* [Problem details]: Restate the records below exactly. Pictures are not part of the copy.

* [Exercise inputs]:
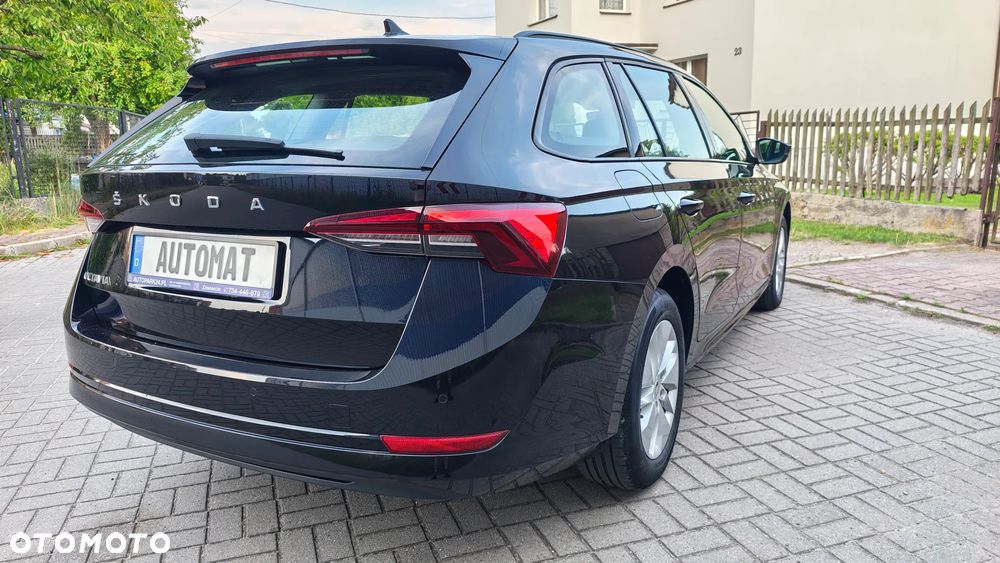 Skoda Octavia 2.0 TDI DSG Sportline - 14
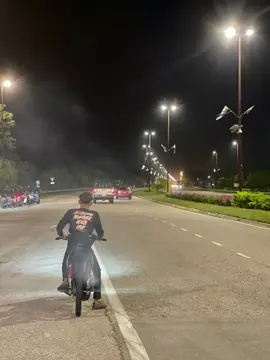 L kalau tak keras jangan ajak K main . spec dah sama , pum2t je beza tu pon taknak jalan lagi #jalanbasah #kotakangintebok  #nenas 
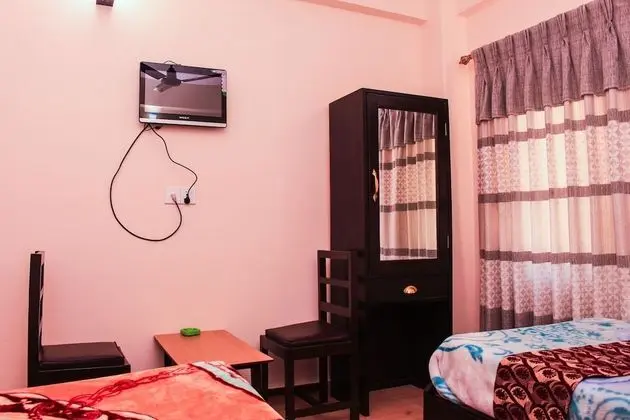 Deluxe Tek Büyük Yataklı Oda, 2 Yatak Odası, Özel Banyo, Tepe Manzaralı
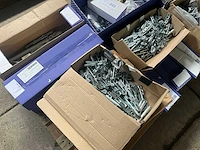 Partij fuhr - hahn -hoppe - gu - roto - sobinco - nemef - scharnieren draaikiepbeslag aanslagrubbers krukken etc - ca. 25 pallets met hang en sluitwerk - afbeelding 8 van  42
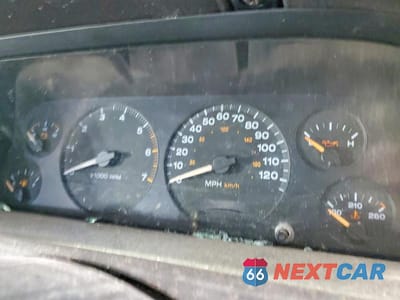 Zdjęcie 9 z 12 samochodu: 2001 JEEP GRAND CHEROKEE LAREDO VIN:1J4GW48S51C731382 - miniatura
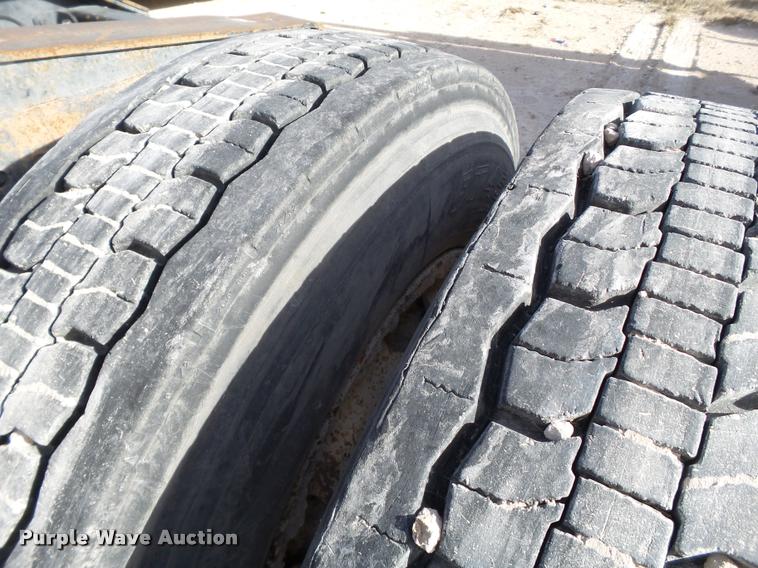 image for item L1645 2003 Freightliner Century ST120 semi truck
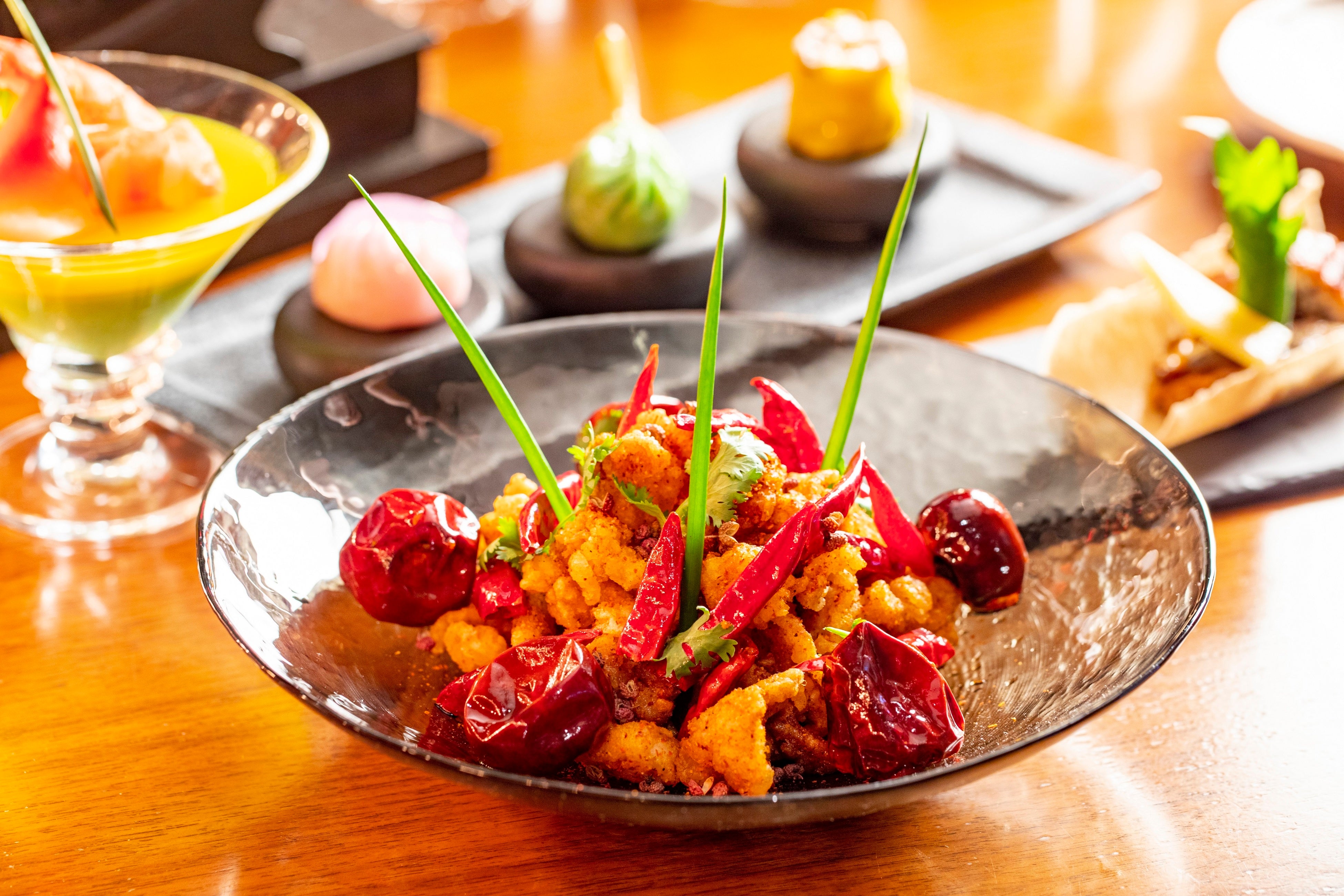 鶏肉の四川朝天唐辛子・花椒スパイシー炒め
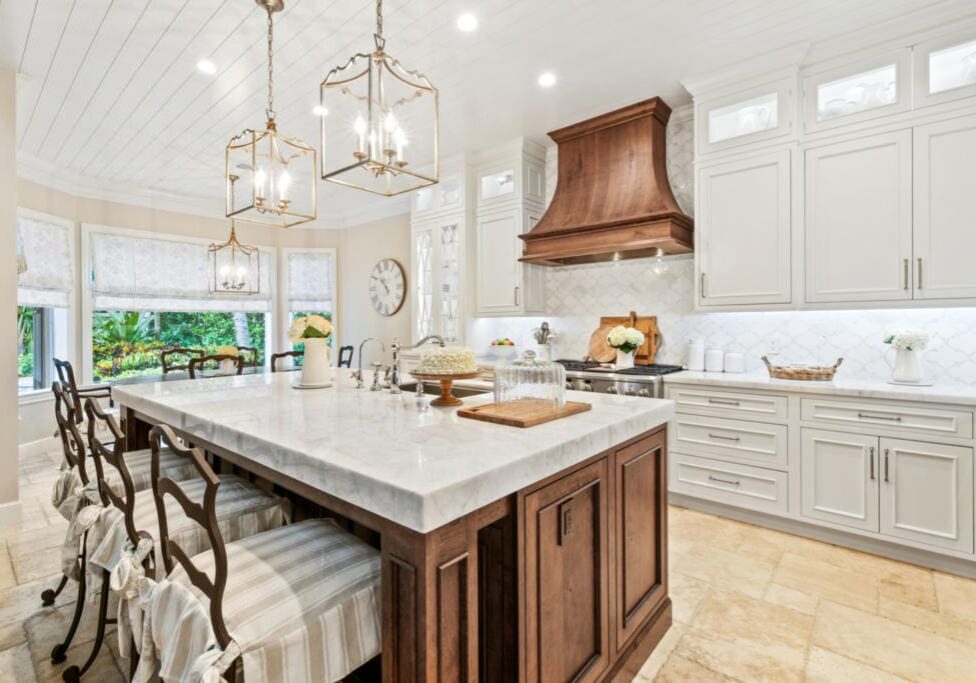 french-country-florida-style-waterview-kitchens-img_d031c1490f31e2d6_14-4643-1-5626b0a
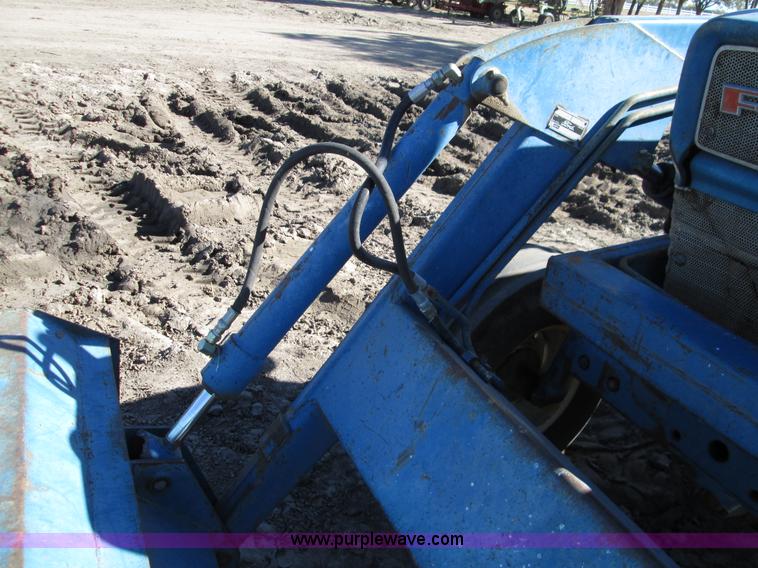 image for item H9444 1962 Ford 4000 tractor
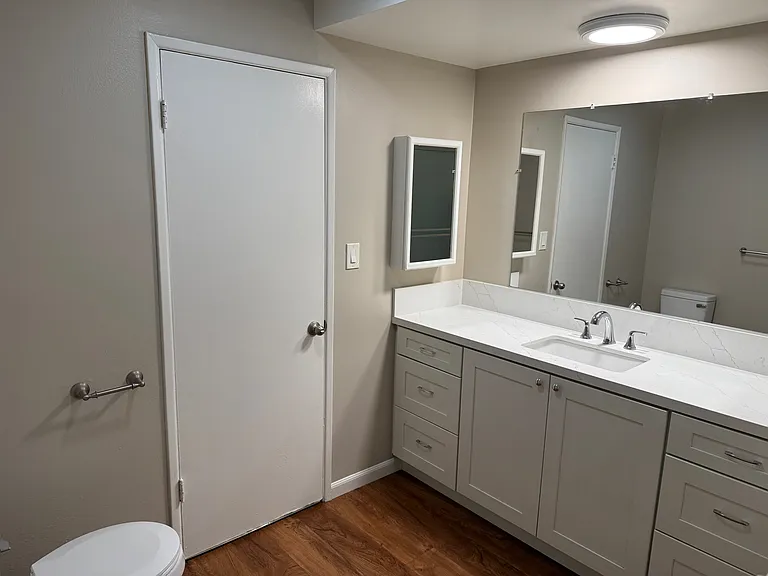 325 E Amerige Ave #A — Photo 21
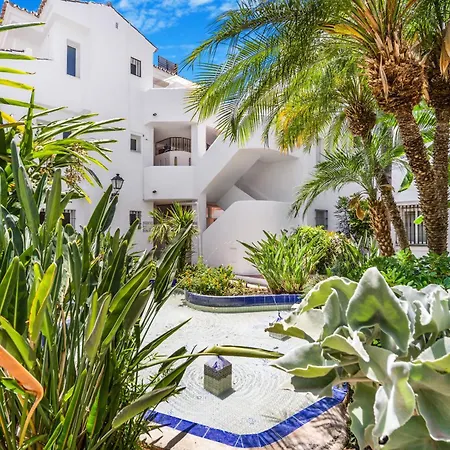 Cozy Penthouse Los Naranjos De Apartment
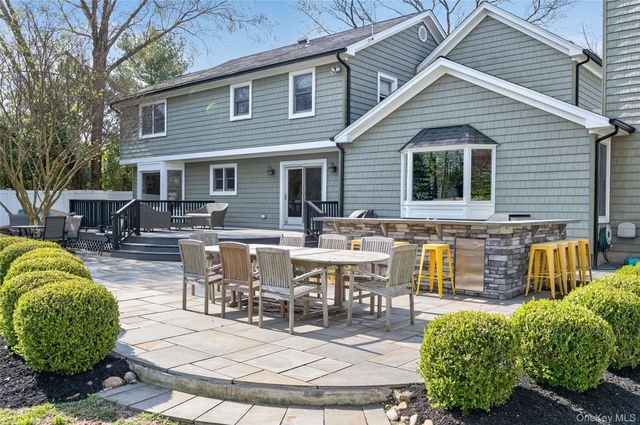 21 Midland Street, Cold Spring Harbor, NY 11724
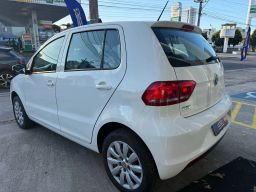 https://img.olx.com.br/thumbs256x256/33/335502371261125.jpg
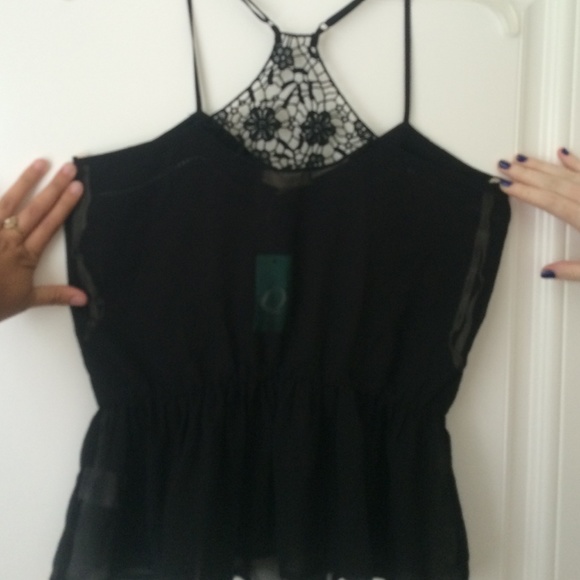 Black tank - Picture 2 of 4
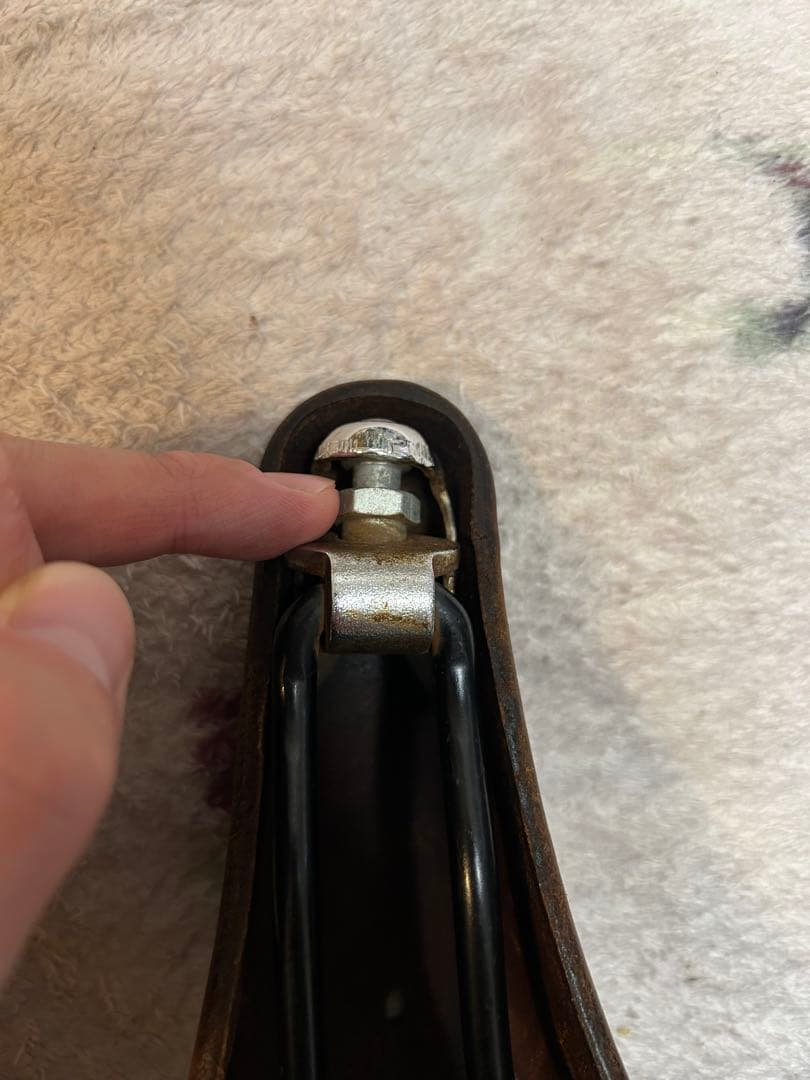 あ*き様 BROOKS ブラウンレザーサドル　めちゃくちゃ渋い色！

* [Task answer]:
 Skoda Octavia 2.0 TDI DSG Sportline - 14
 L kalau tak keras jangan ajak K main . spec dah sama , pum2t je beza tu pon taknak jalan lagi #jalanbasah #kotakangintebok  #nenas 
 Deluxe Tek Büyük Yataklı Oda, 2 Yatak Odası, Özel Banyo, Tepe Manzaralı
 Partij fuhr - hahn -hoppe - gu - roto - sobinco - nemef - scharnieren draaikiepbeslag aanslagrubbers krukken etc - ca. 25 pallets met hang en sluitwerk - afbeelding 8 van  42
 Zdjęcie 9 z 12 samochodu: 2001 JEEP GRAND CHEROKEE LAREDO VIN:1J4GW48S51C731382 - miniatura
 image for item L1645 2003 Freightliner Century ST120 semi truck
 鶏肉の四川朝天唐辛子・花椒スパイシー炒め
 french-country-florida-style-waterview-kitchens-img_d031c1490f31e2d6_14-4643-1-5626b0a
 image for item H9444 1962 Ford 4000 tractor
 325 E Amerige Ave #A — Photo 21
 Cozy Penthouse Los Naranjos De Apartment
 21 Midland Street, Cold Spring Harbor, NY 11724
 https://img.olx.com.br/thumbs256x256/33/335502371261125.jpg
 Black tank - Picture 2 of 4
 あ*き様 BROOKS ブラウンレザーサドル　めちゃくちゃ渋い色！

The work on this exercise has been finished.